Except of course, for the carnivorous purple pitcher plant, which Neil points out to us on the side of the trail.  

Thin stems with downward pointing flowers erupt from jugular leaf basins filled with water and ooey-gooey-bug goop as the plant slowly digests the drowned insect soup.

This is a plant the people of the province of Newfoundland and Labrador are particularly proud of—it is not only their provincial flower, but also their mascot which decorates their license plates, road signs, ferries, and official documents.

It is their logo.

Like them, and like the tuckamores of the black spruces, the flower is another being of resilience and gorgeousness on the Newfoundland landscape the parachuter traveler sees as seeming inhospitableness.

These pitcher plants among the rocks the hue of a lion’s mane are as colorful as the laundry lines we see in communities surrounding the park.

The ones with freshly knitted wool neon socks on sale. Sold literally on the line. Or like the wonderfully polychromatic quilts the island is famous for, the ones ruffling in the sea breeze by the towns of park like Woody Point, Cowhead, and Norris Point.
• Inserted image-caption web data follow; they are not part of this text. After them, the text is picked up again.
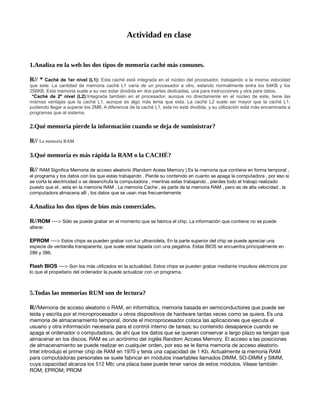 Actividad en clase
1.Analiza en la web los dos tipos de memoria caché más comunes.
R// * Caché de 1er nivel (L1): Esta caché está integrada en el núcleo del procesador, trabajando a la misma velocidad
que este. La cantidad de memoria caché L1 varía de un procesador a otro, estando normalmente entra los 64KB y los
256KB. Esta memoria suele a su vez estar dividida en dos partes dedicadas, una para instrucciones y otra para datos.
*Caché de 2º nivel (L2):Integrada también en el procesador, aunque no directamente en el núcleo de este, tiene las
mismas ventajas que la caché L1, aunque es algo más lenta que esta. La caché L2 suele ser mayor que la caché L1,
pudiendo llegar a superar los 2MB. A diferencia de la caché L1, esta no está dividida, y su utilización está más encaminada a
programas que al sistema.
2.Qué memoria pierde la información cuando se deja de suministrar?
R// La memoria RAM
3.Qué memoria es más rápida la RAM o la CACHÉ?
R// RAM Significa Memoria de acceso aleatorio (Random Acess Memory ) Es la memoria que contiene en forma temporal ,
el programa y los datos con los que estas trabajando . Pierde su contenido en cuanto se apaga la computadora , por eso si
se corta la electricidad o se desenchufa la computadora , mientras estas trabajando , pierdes todo el trabajo realizado
puesto que el , esta en la memoria RAM . La memoria Cache , es parte de la memoria RAM , pero es de alta velocidad , la
computadora almacena allí , los datos que se usan mas frecuentemente
4.Analiza los dos tipos de bios más comerciales.
R//ROM ---> Sólo se puede grabar en el momento que se fabrica el chip. La información que contiene no se puede
alterar.
EPROM ---> Estos chips se pueden grabar con luz ultravioleta. En la parte superior del chip se puede apreciar una
especie de ventanilla transparente, que suele estar tapada con una pegatina. Estas BIOS se encuentra principalmente en
286 y 386.
Flash BIOS ---> Son los más utilizados en la actualidad. Estos chips se pueden grabar mediante impulsos eléctricos por
lo que el propietario del ordenador la puede actualizar con un programa.
5.Todas las memorias RUM son de lectura?
R//Memoria de acceso aleatorio o RAM, en informática, memoria basada en semiconductores que puede ser
leída y escrita por el microprocesador u otros dispositivos de hardware tantas veces como se quiera. Es una
memoria de almacenamiento temporal, donde el microprocesador coloca las aplicaciones que ejecuta el
usuario y otra información necesaria para el control interno de tareas; su contenido desaparece cuando se
apaga el ordenador o computadora, de ahí que los datos que se quieran conservar a largo plazo se tengan que
almacenar en los discos. RAM es un acrónimo del inglés Random Access Memory. El acceso a las posiciones
de almacenamiento se puede realizar en cualquier orden, por eso se le llama memoria de acceso aleatorio.
Intel introdujo el primer chip de RAM en 1970 y tenía una capacidad de 1 Kb. Actualmente la memoria RAM
para computadoras personales se suele fabricar en módulos insertables llamados DIMM, SO-DIMM y SIMM,
cuya capacidad alcanza los 512 Mb; una placa base puede tener varios de estos módulos. Véase también
ROM; EPROM; PROM
 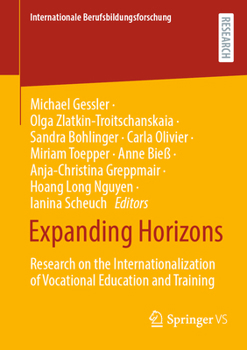 Expanding Horizons: Research on the Internationalization of Vocational Education and Training (Internationale Berufsbildungsforschung)
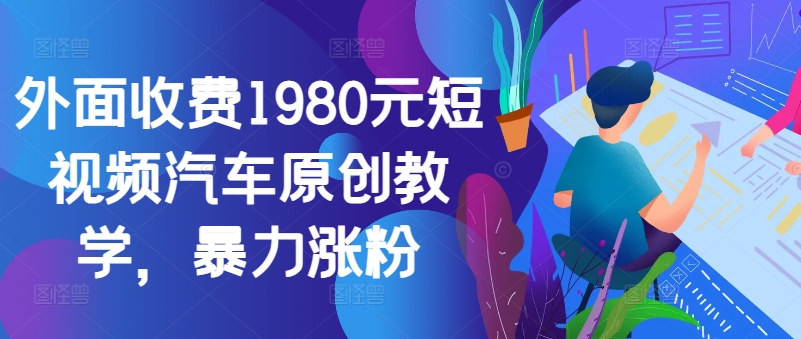外面收费1980元短视频汽车原创教学，暴力涨粉-云创网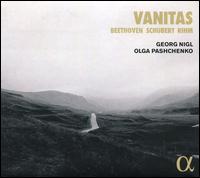 Vanitas: Beethoven, Schubert, Rihm - Georg Nigl (baritone); Olga Pashchenko (piano); Olga Pashchenko (fortepiano)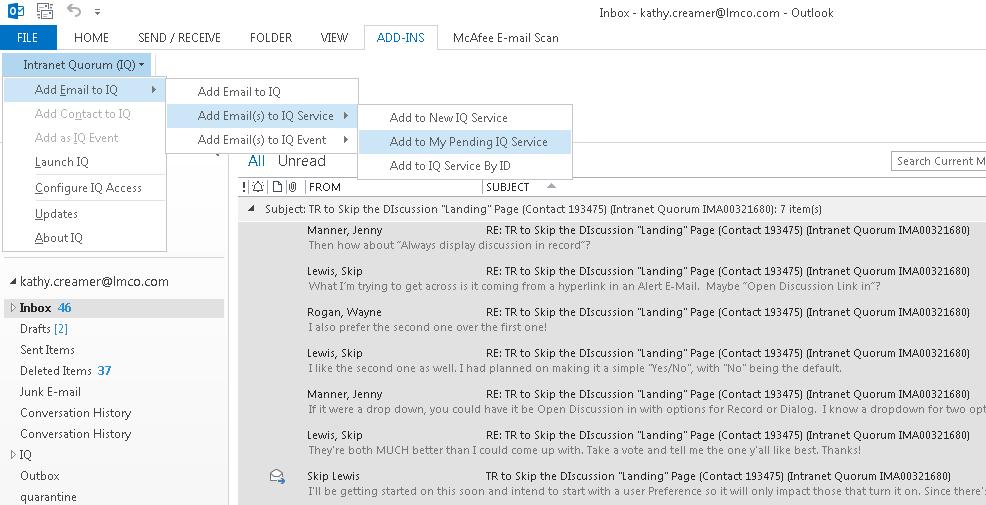 Adding multiple Outlook E-Mail Messages to a Pending IQ Service If there are multiple emails in your Outlook Inbox (or Sent folder) you would like to attach to one of your existing pending IQ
Quilts, as described in the thesis of Lisa Ann Wilson as “emblematic of the ways in which individuals use creativity to help generate and affirm of both individual and shared senses of identity, meanwhile helping them (older generations) to confront the changes to the culture around them.”

Quilts so colorful and flamboyant and wonderful that it is hard to see them as anything but prideful.

We leave the bright plants to their neverending meal.

We walk through the intense rain until we come to a surging waterfall in the middle of one of the basins of the Tablelands, which, after such a deluge of rain has changed the rock’s color like a chameleon. No longer does the massive mountain emit a Martian orange—now the rocks are maroon, like the Bells in Colorado.

Otherworldly—adjective—Of, relating to, or being part of a reality beyond the observable physical universe.

As we return to the car, I imagine a bluebird summer day on the Tablelands. I imagine the contrast of the robin-egged sky against the soft orange of the dry rocks. The little hush of the stream and the buzz of a fly on its way into the belly of a pitcher plant.

But Neil is on to other seasons, telling us stories of winter when he skins to the top of the bowl of the Tablelands and skis down in wonderful, swishy turns.

This lovely man is telling me he has skied on the mantle of our earth. He is only adding more proof to my argument that our lives are fantasy novels if we let them be.   

Preternatural—adjective—Beyond what is normal or natural.